• Task brief
Look for "Jeep" in the material below and show each line that contains it.
____
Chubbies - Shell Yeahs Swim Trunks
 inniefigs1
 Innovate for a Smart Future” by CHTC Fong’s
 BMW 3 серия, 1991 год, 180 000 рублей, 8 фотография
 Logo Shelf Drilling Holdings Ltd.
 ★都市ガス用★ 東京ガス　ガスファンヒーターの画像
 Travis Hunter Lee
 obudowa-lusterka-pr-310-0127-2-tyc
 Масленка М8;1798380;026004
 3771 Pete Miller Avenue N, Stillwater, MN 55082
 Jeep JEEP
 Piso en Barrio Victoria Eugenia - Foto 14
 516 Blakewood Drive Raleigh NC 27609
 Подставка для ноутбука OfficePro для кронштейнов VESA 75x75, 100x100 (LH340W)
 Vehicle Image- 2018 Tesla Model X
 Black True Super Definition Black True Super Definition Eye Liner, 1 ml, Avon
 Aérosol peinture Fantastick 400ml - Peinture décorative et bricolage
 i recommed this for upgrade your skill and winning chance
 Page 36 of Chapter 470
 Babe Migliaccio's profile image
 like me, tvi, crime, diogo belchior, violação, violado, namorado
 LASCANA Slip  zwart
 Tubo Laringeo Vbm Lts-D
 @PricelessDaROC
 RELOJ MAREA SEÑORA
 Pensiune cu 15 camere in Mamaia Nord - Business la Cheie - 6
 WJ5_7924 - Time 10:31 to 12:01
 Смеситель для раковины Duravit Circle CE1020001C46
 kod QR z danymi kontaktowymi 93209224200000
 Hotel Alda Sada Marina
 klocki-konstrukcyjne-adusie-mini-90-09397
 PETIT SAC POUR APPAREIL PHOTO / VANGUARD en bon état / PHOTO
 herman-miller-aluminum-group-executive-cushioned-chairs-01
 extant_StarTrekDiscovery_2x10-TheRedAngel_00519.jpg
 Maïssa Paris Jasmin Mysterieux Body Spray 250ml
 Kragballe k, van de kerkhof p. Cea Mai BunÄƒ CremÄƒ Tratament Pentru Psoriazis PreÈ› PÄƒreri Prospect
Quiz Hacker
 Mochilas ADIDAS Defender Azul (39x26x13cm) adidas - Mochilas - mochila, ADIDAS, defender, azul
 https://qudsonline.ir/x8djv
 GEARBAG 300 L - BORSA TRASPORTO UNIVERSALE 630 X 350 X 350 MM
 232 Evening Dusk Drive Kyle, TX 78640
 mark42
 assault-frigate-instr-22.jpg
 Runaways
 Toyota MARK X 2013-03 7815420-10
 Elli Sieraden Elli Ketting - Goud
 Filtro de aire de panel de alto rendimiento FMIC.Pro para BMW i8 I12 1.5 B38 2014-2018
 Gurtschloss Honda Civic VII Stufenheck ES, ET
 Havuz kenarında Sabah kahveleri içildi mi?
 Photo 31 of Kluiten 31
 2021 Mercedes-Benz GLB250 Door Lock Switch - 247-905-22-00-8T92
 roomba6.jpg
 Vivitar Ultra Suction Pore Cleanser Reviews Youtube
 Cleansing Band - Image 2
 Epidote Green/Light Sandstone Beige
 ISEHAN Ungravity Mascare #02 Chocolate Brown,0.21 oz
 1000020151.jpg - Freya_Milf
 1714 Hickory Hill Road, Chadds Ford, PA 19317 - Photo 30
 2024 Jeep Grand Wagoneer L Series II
____
• Written solution
 Jeep JEEP
 2024 Jeep Grand Wagoneer L Series II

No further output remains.